Our savings plan was expiring for the year, so I spent a lot of time reviewing instances. Instances that were no longer needed were decommissioned, and a new savings plan for the next year was purchased.

While the main purpose of the exercise was to purchase a new savings plan for EC2, I am a genuinely curious person. I spent a lot of time reviewing AWS Cost Explorer while trying to see how we should tweak our savings plan for the coming year. As I was in cost explorer, I noticed that our data transfer cost was the 3rd highest monthly expense in our bill.

I had a suspicion what was responsible for most of those costs. My assumption was correct, and using the filters in cost explorer, I learned that S3 was largely responsible. Because we serve images directly from S3 buckets, it means we are paying more than we need to.

In a previous post, I mentioned why serving images directly from S3 isn't a good idea for web performance. While I made a plan to address it, the effort keeps getting de-prioritized.

With the savings I found, I am betting my previously de-prioritized project will become a priority because our fiscal year starts in June, and we are doing budget planning right now.

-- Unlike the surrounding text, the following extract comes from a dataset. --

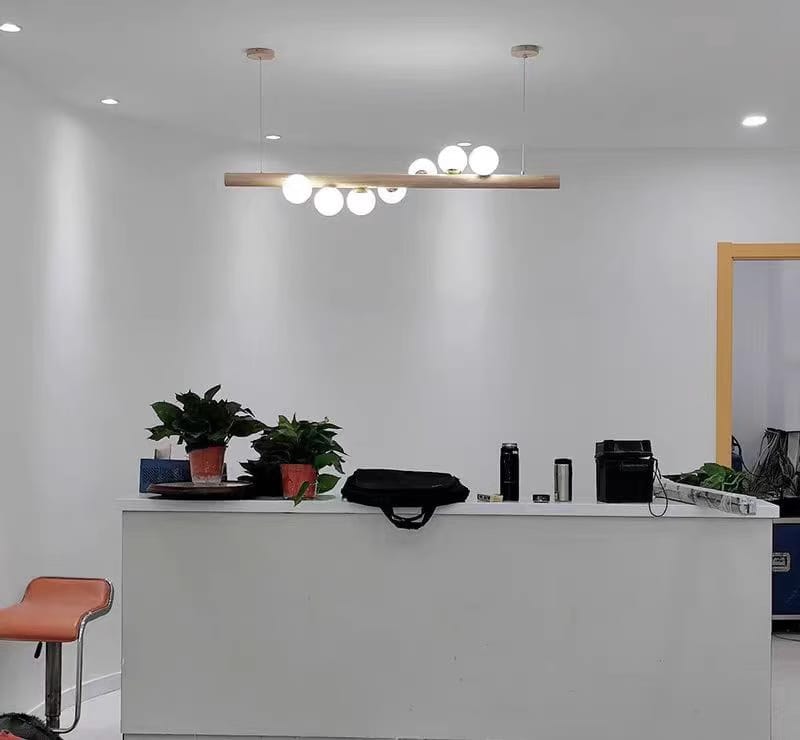 Customer photo review of Linear Wood Pendant Light, Walnut Bar, Opal Glass Globes, G9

It's unfortunate that this is the case, but it is the reality.

Cost optimization for data transfer

The images on our sites are both stored in and served by S3. An excerpt of the current S3 pricing looks like this:

Per month Cost per GB ($)
First 10TB 0.09

In looking at ways to reduce data transfer cost for S3, AWS Cloudfront kept coming up again and again. This isn't revolutionary, new information, but I needed to model the pricing to make sure it was really a good idea.

An excerpt of the current Cloudfront pricing looks like this:

Per month Cost per GB ($)
First 10TB 0.085 - 0.120

Cloudfront gives a range depending on the region closest to the end user. Transfer costs are lowest in North America and Europe, and it is the most expensive in Asia. If a higher percentage of traffic came from Asia, then data transfer would be more expensive byte-for-byte with Cloudfront than it is using S3.

Limiting regions

When using Cloudfront, it's possible to set your distribution to specific price classes. If you set up the distribution to "Price Class 100," it would be limited to the cheapest regions, so there would be guaranteed cost savings.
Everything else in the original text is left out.